BE deputy Mariana Mortágua raised a similar concern, inquiring whether the Minister of Labor, Solidarity, and Social Security plans to “use part of the Portuguese pensions to feed speculative markets, financial markets, and the arms industry.”
In response, Rosário Palma Ramalho remarked, without specifying details, that the European Commission made a recommendation and assured that there is “nothing concerning the privatization” of the pension system.
Regarding pension increases, the minister stated that government estimates predict, in the worst-case scenario, that the lowest pensions will rise above inflation by 0.5% in 2026, according to the update formula.
Rosário Palma Ramalho confirmed that the government will increase pensions according to the law’s formula, but highlighted that the final calculation depends on GDP and inflation data that are not yet finalized.
“Currently, we can only provide estimates for the increase: in the best estimates, pensions up to 2 IAS [Indexante dos Apoios Sociais] will rise above inflation, and those between 2 IAS and 6 IAS will remain neutral.”

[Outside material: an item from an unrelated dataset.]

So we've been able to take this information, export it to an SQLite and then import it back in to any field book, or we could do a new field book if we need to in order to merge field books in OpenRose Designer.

Isabel Mendes Lopes, parliamentary leader of Livre, accused the government of attempting to “further destabilize the labor market, facilitate dismissals, weaken workers’ power, promote job insecurity, and increase inequality” with the new labor package. She questioned the minister on why they “attack women’s breastfeeding rights” instead of discussing increased parental leave.

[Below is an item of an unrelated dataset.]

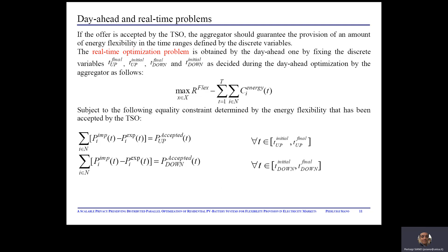If the offer is then accepted by the transmission system operator, the aggregator should guarantee the provision of an amount of energy flexibility in the time ranges defined by the discrete variables. The real-time optimization problem is thus obtained from the day-ahead one by fixing the discrete variables as decided during the day-ahead optimization by the aggregator. The optimization problem is subject to the constraints determined by the energy flexibility that has been accepted by the transmission system operator, as shown here. The real-time optimization can be carried out every 15 minutes to update the control signals for the batteries to adapt to changes in photovoltaic production and electrical loads of each prosumer, considering that the proposed parallel optimization is very fast.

On this issue, the minister denied any attack on women or breastfeeding rights, advocating for “a calibration” as she believes the current regime “is not reasonable.”
“Without a time limit, a worker under this statute works six hours a day and receives payment for eight, (…) a week less per month and receives full pay. Maintaining this indefinitely is unreasonable, even in the context of breastfeeding. This is what we’re discussing, not an attack,” she argued, adding that Portugal “has the second most favorable regime in Europe,” only behind Italy.
The government proposes in the new labor package to limit work dispensation for breastfeeding up to the child’s two years.
Following criticism from Ricardo Cardoso, from Chega, regarding the predicted expenditure in the OE for the social insertion income (RSI) and calling for the cut of social supports for those “showing signs of wealth,” the minister asserted that there is a “very vigorous program to combat fraud in Social Security” against unjustified subsidy allocations.
Socialist Elza Pais also criticized an OE “devoid of humanist policies,” adding that it is a “callous document that doesn’t care for people or women’s rights.”